“We identified a total of 78 significantly mutated genes (SMGs),” including 37 not previously reported as SMGs for prostate cancer, Dr Armenia told Cancer Therapy Advisor.

“Importantly, we discovered unexpected and completely novel contribution of pathways such as SWI/SNF and splicing,” he said. “Moreover, we were able to identify a set of markers highly altered in metastatic tumors and that may represent a signature of high risk disease. This signature included genomic alterations in TP53, PTEN, RB1, AR, BRCA2, KMT2C and KMT2D.

Epigenetic reprogramming might well play additional roles in the emergence of AR-indifferent cell states.

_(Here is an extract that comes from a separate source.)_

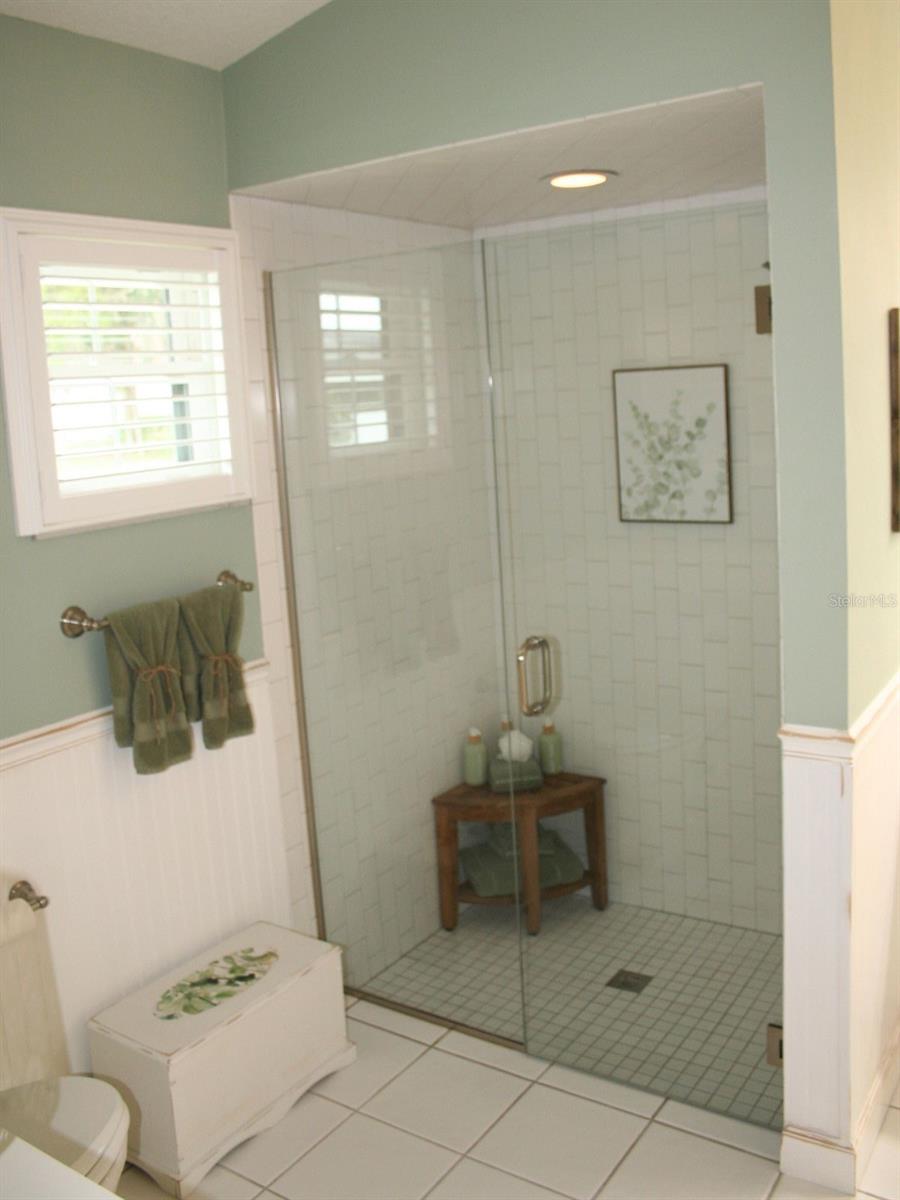 KAYWOOD REP - Residential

“There are epigenetic drivers of these changes,” Dr Aparicio said. “To conquer the AR-indifferent state, I think we’ll have to look at the epigenetic determinants and how we can modulate them with available epigenetic drugs. What does it take to change their methylation status. What does it take to change the histone modification patterns in these tumors?”

“It is quite clear that genetic alterations are selected for that promote tumor evolution, but the impact of epigenetic alterations on this process have been far less-well defined in prostate cancer,” said Dr Knudsen. Genome-wide association studies of DNA methylation in lethal metastatic prostate cancer suggest that epigenetic regulation might select for “driver events” that promote tumor progression.6 “Certainly, understanding the prostate cancer epigenome — and evolution thereof — is fertile ground for scientific investigation and design of novel therapeutic strategies.”

Dr Aparicio’s team is now analyzing data from their phase 2 randomized controlled clinical trial of platinum therapy.

“So now we sort of put together the pieces of why we think there’s an AR-indifferent subset of prostate cancers and the question becomes, so what do we do?” said said. “We apply platinum-based therapy early but what are the other treatments and targets?”

DNA damage repair mechanism pathways and H2 inhibitors are also under investigation, with clinical trials planned and accruing. There is “reason to expect” therapeutic interactions between epigenetic and DNA damage repair drugs.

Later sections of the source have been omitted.